*** Opening Data block ***

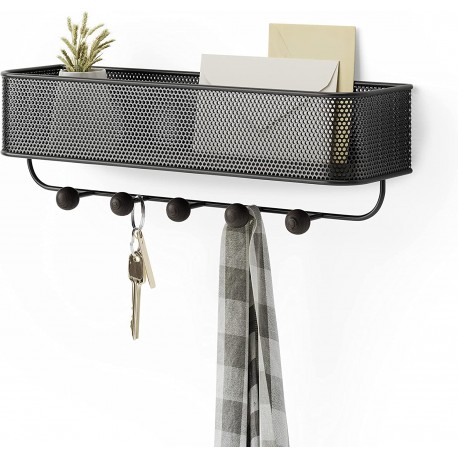 Vide-poche mural patères Umbra Estique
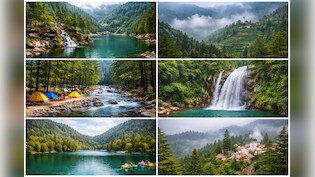 शिमला-मनाली सब भूल जाएंगे! यूपी के इन 6 ठिकानों पर लीजिए पहाड़ों जैसी ठंडक और सुकून का मजा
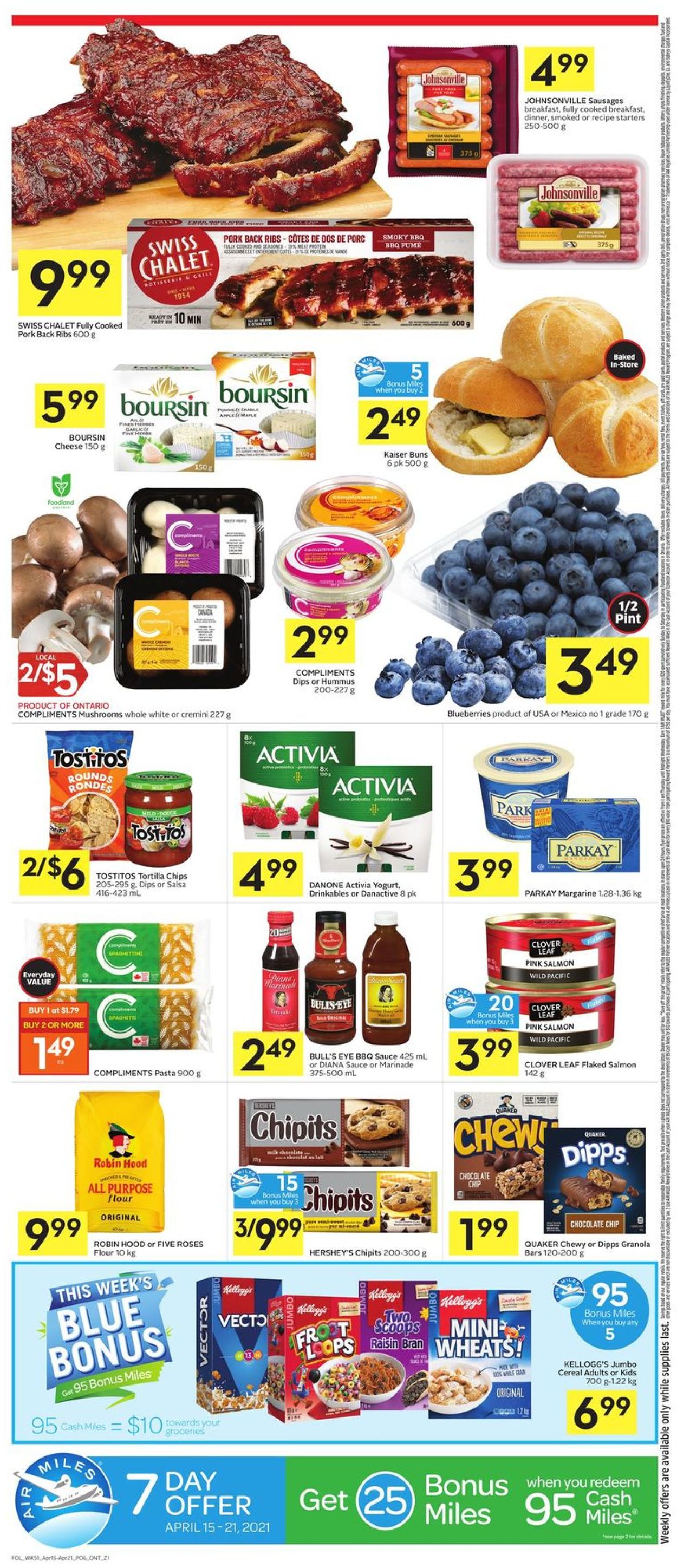 Foodland Flyer - 04/15-04/21/2021 (Page 8)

*** Closing Data block ***

#### Assignment
Output the material above exactly as written and drop any images it holds.

#### Output of the task
 Vide-poche mural patères Umbra Estique
 शिमला-मनाली सब भूल जाएंगे! यूपी के इन 6 ठिकानों पर लीजिए पहाड़ों जैसी ठंडक और सुकून का मजा
 Foodland Flyer - 04/15-04/21/2021 (Page 8)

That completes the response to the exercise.